§ **RECORD EXTRACTS**
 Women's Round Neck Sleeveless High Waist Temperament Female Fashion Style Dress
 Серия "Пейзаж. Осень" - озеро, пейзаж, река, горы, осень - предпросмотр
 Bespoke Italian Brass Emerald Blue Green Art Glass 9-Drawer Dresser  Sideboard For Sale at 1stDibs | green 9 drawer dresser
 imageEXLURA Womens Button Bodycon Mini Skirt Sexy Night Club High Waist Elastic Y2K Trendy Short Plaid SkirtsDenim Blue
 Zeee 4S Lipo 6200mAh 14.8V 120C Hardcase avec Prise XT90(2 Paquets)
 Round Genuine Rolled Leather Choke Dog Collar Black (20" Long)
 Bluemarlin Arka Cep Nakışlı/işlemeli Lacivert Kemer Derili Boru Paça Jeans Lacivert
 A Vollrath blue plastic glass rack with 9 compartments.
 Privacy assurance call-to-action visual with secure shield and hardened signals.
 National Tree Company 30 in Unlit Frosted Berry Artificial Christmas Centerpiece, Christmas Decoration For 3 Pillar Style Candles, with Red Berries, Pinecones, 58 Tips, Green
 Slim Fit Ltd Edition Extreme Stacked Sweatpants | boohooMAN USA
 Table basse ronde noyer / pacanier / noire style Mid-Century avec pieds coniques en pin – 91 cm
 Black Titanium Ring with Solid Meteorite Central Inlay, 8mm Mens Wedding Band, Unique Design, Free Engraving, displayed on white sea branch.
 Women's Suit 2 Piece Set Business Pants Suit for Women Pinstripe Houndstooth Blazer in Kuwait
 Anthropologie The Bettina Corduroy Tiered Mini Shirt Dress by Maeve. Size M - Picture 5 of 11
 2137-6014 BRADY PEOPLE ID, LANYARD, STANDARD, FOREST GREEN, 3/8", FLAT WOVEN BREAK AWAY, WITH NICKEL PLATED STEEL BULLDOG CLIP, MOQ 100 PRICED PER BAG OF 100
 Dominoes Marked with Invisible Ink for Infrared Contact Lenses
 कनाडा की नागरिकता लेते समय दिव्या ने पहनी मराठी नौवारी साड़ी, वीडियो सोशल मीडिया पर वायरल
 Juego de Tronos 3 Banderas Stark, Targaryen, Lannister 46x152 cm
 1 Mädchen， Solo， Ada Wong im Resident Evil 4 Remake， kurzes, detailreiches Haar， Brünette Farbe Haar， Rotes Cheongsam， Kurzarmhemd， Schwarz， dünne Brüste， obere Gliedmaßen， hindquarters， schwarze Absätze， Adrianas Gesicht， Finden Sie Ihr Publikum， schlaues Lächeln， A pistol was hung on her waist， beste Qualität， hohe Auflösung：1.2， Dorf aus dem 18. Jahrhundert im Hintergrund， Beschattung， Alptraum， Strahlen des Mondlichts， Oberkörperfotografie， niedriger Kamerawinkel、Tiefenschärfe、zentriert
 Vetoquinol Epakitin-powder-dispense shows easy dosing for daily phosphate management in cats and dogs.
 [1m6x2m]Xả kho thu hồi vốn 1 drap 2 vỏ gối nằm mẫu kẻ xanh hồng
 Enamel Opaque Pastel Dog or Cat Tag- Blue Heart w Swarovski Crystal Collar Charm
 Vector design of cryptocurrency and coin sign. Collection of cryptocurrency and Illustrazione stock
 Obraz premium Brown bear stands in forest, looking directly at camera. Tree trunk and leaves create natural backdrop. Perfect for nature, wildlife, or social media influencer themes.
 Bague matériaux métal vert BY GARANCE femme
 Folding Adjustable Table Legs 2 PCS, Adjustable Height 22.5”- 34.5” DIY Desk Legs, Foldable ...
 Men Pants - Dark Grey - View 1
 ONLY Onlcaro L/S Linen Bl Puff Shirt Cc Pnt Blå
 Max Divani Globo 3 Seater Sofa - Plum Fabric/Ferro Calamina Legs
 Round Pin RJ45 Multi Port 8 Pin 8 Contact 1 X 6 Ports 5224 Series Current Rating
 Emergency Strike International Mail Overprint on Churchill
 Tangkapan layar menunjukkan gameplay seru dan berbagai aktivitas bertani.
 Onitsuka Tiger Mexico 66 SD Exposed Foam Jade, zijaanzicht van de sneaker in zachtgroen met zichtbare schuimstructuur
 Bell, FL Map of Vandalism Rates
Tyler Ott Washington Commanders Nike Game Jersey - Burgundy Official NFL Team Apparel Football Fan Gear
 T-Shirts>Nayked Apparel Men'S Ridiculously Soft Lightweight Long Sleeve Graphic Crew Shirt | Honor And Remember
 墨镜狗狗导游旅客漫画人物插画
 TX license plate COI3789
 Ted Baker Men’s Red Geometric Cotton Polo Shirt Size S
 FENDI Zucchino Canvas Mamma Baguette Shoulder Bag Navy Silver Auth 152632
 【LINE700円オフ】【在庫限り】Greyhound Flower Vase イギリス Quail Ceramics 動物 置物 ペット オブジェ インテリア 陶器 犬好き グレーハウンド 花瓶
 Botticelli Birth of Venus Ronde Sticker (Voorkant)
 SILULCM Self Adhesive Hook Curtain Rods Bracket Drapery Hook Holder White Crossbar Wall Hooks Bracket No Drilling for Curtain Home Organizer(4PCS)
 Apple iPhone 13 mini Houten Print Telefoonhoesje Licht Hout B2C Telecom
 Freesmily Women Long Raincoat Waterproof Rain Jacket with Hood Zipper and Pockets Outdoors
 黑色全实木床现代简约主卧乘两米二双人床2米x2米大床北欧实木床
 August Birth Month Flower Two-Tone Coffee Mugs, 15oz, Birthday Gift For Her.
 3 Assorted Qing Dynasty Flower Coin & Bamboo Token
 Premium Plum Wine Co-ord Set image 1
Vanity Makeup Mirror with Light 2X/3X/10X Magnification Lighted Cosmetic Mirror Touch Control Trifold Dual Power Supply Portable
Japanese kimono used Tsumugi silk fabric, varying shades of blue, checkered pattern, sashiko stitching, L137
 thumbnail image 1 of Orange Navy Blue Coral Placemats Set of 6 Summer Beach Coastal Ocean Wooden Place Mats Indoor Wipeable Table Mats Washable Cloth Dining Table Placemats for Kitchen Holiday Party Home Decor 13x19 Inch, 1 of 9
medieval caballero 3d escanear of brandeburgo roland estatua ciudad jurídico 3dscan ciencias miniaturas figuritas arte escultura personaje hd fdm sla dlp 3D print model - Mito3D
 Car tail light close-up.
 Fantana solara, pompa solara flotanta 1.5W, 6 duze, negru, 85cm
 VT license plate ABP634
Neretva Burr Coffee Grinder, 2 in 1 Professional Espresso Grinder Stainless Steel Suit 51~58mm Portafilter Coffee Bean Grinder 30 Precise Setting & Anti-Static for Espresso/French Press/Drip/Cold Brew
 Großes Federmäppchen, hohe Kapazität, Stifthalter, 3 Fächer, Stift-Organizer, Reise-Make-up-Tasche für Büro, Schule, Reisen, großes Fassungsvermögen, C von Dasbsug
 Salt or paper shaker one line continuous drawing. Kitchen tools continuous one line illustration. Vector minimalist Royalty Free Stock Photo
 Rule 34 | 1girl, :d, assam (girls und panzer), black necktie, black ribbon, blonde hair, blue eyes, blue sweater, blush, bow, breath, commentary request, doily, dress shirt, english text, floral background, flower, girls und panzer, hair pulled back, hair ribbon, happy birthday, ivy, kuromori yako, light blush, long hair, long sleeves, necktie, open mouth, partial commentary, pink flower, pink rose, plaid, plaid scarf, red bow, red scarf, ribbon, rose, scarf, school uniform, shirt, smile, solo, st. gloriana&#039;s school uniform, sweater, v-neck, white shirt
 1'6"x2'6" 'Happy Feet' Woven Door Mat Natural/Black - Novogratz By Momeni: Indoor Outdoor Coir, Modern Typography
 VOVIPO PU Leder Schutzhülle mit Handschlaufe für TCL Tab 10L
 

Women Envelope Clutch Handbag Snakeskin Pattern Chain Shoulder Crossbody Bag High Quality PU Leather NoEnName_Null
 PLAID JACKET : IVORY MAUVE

§ **AIM OF THE TASK**
Using the entries above, give back exactly the line containing "Großes Federmäppchen, hohe", the line containing "Salt or paper", and every line between them, and nothing else.

§ **EXERCISE OUTPUT**
 Großes Federmäppchen, hohe Kapazität, Stifthalter, 3 Fächer, Stift-Organizer, Reise-Make-up-Tasche für Büro, Schule, Reisen, großes Fassungsvermögen, C von Dasbsug
 Salt or paper shaker one line continuous drawing. Kitchen tools continuous one line illustration. Vector minimalist Royalty Free Stock Photo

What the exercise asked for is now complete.